2012
Pagi itu di ruang kuliah yang terkesan sejuk,
anak-anak malah nampak sedang riuh membicarakan nilai mereka, apalagi kalo
bukan nilai fisika. Terlihat Karra yang sedang membawa buku dan berjalan ke
arah seseorang.
Karra:
“Arya.“ [menghampiri Arya]
Arya:
“ Ada apa, Ra? “
Karra:
“ Ini hasil perhitungan praktikum kemaren, tapi belum gue koreksi lagi.”
Arya:
“ Oke, ntar sambil gue periksa lagi deh.”
Karra:
“ Eh, gimana nilai fisika lu?”
Arya:
“ Jelek banget, haha, lu?”
Karra:
“ Gue juga kali. Cuma bener belasan, haha.”
Arya:
“ Gue satuan dong, haha.”
Wira:
“ [tiba-tiba menghampiri Karra dan Arya]
Karra:
[muka kaget]
Wira:
“ Eh, eh, lagi pada ngomongin apaan sih? “ [nyamber kaya petir]
Arya:
“ Fisika, haha.”
Wira:
“ Emang nilai fisika lu berapa, Ra?”
Karra:
“ Gue sensitif ditanya nilai.” [bergegas pergi]
Wira:
[muka cengo]
Jelaslah lah Karra sensitif ditanya
nilai fisika sama si Wira, ga terlepas dari kejadian kemarin. Sejak itu, Wira
mendadak jadi copycat yang selalu bilang “ Gue sensitif ditanya nilai” setiap
ditanya nilai sama orang-orang. Sebagai contoh, beberapa menit setelah itu.
Akbar:
“ Eh, Ra, nilai Sosum udah keluar noh ditempel di Asrama. Lu berapa? ”
Wira:
“ Gue sensitif ditanya nilai.” [ngikutin gaya Karra]
Sontak lah Karra yang berada ga jauh
dari tempat mereka ngobrol itu langsung mencak-mencak. Karra semakin ga ngerti
sama tingkah polah Wira. Herannya, setiap dibikin kesel sama Wira, Karra tu
cuma bisa diem terus bukannya marah eh malah galau, yaelah.
*****
Siang harinya, Karra, Fara, Dena,
Akbar, dan Bima makan siang bersama di suatu kantin. Mereka berlima terbilang
cukup akrab meskipun Akbar dan Bima lebih sering menghabiskan waktu bersama
Wira and the boy band plus girl band nya itu alias Rahma, Hani, Safi, dan Mela.
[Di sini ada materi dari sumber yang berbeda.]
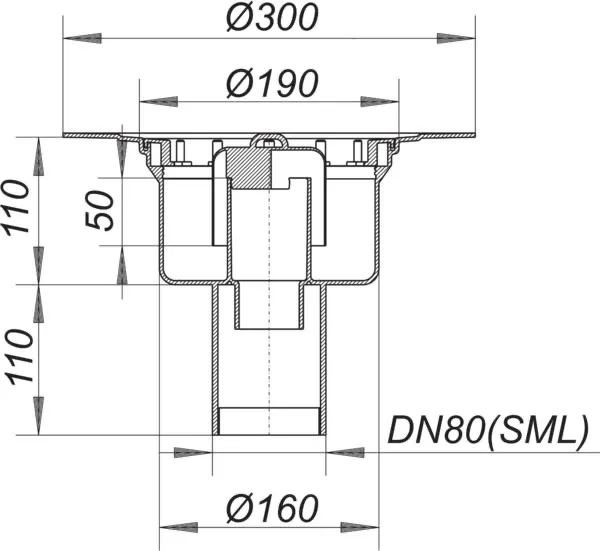 Ablaufgehäuse 61 GA, DN 80 SML Ablaufgehäuse 61 GA, DN 80 SML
Topik pembicaraan sembari makan siang itu nampaknya seru.
Bima:
“ Eh eh, uda pada nonton film 2012 belom? “
Dena:
“ Belum tuh, Ma. “
Fara:
[geleng-geleng]
Karra:
“ Belom. Tapi besok gue mau nonton sama sohib gue di Jakarta.”
Akbar:
[menyimak]
Bima:
“ Pulang lu, Ra, besok? Pulang mulu, dasar homers, haha.”
Karra:
“ Sial, apa bedanya sama lu, homers juga, haha.”
Akbar:
“ Eh besok kita-kita juga mau nonton loh.”
Fara:
“ Kita-kita tu siapa deh? ”
Akbar:
“ Gue, Bima, Wira, Kevin, Rahma, Hani, Safi, Mela, and many more lah. Lu ikutan
aja kalo mau.”
Dena:
“ Yah, tapi Karra besok pulang.”
Fara:
“ Iya lu, Ra, jangan pulang sih.”
Karra:
“ Bukannya gitu. Gue udah janji nonton 2012 sama sohib gue itu dari jauh-jauh
hari. Maap ya temen-temen.”
Bima:
“ Yaudah sih Karra ini, biarin. Lu berdua aja yang ikut, haha.”
Akbar:
“ Yaelah, paketan amat sih lu bertiga, udah kaya sms, haha.”
Karra:
“ Sial lu, haha.”
*****
Sore harinya, anak-anak terlihat
bergegas ke ruang kuliah yang terbilang gaul itu. Gimana ga gaul. Itu ruang
kuliah ibarat bioskop. Bangku-bangku di ruang kuliah itu memang tertata apik
layaknya kursi bioskop plus layar LCD setaraf layar lebar. Suasana ruang kuliah
pun ga beda jauh sama suasana bioskop yang full AC, lebih tepatnya AC alam.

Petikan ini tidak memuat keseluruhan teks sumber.